• [WORK REQUIRED]: Give back the listing in full and exactly, leaving out the images.

• [COLLECTED MATERIAL]:

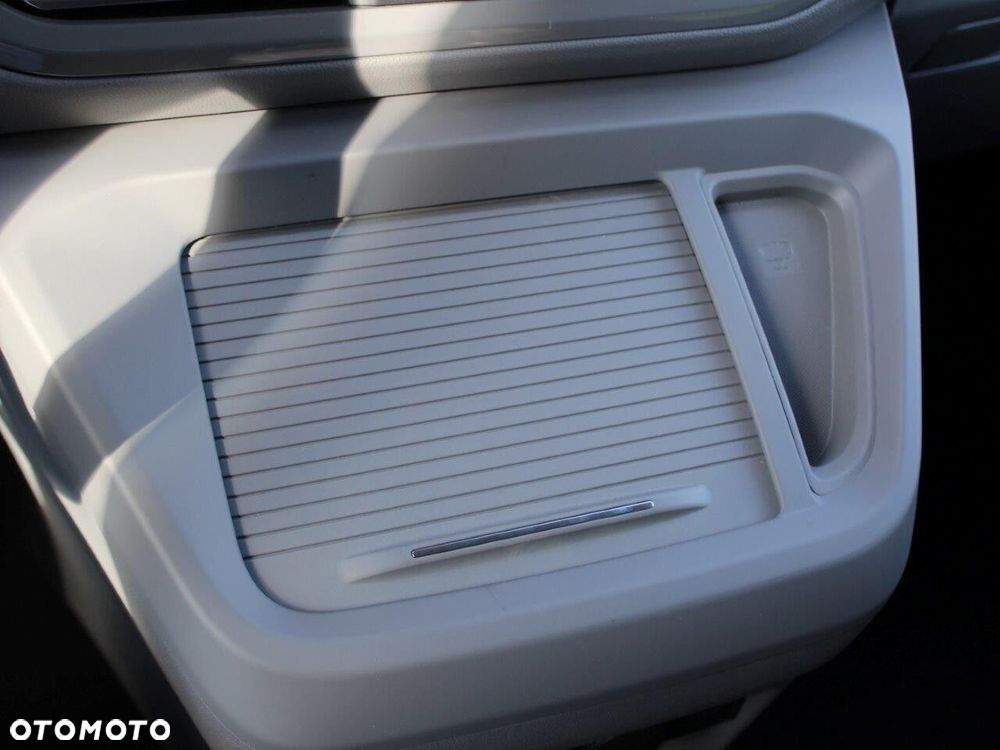 Volkswagen Caravelle 2.0 TDI L1 Style - 19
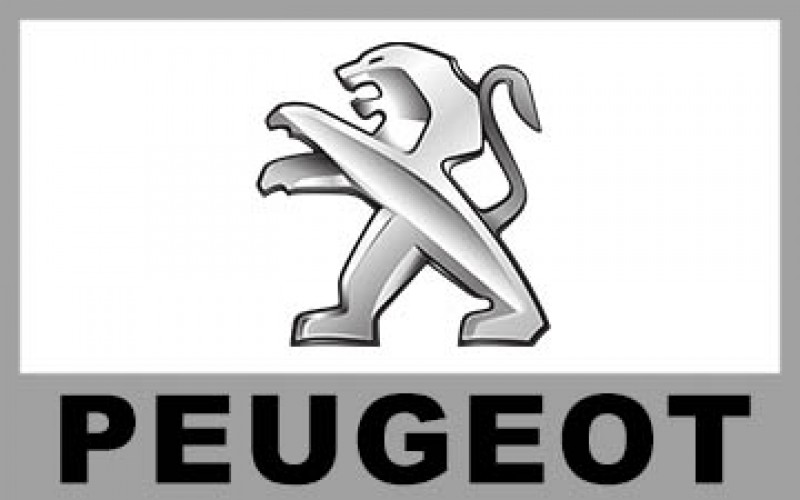 PEUGEOT 寶獅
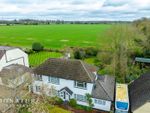 Thumbnail to rent in Hilltop Road, Kings Langley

• [ANSWER SECTION]:
 Volkswagen Caravelle 2.0 TDI L1 Style - 19
 PEUGEOT 寶獅
 Thumbnail to rent in Hilltop Road, Kings Langley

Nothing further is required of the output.